■ **REQUIRED ACTION**: The line holding "author writing mystery novel" and all lines that follow it to the end of the data: return these exactly, and nothing more.

■ **INFORMATION SHOWN**:
##############################
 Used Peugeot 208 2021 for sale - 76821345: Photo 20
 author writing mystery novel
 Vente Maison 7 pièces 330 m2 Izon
##############################
■ **OUTPUT**:
 author writing mystery novel
 Vente Maison 7 pièces 330 m2 Izon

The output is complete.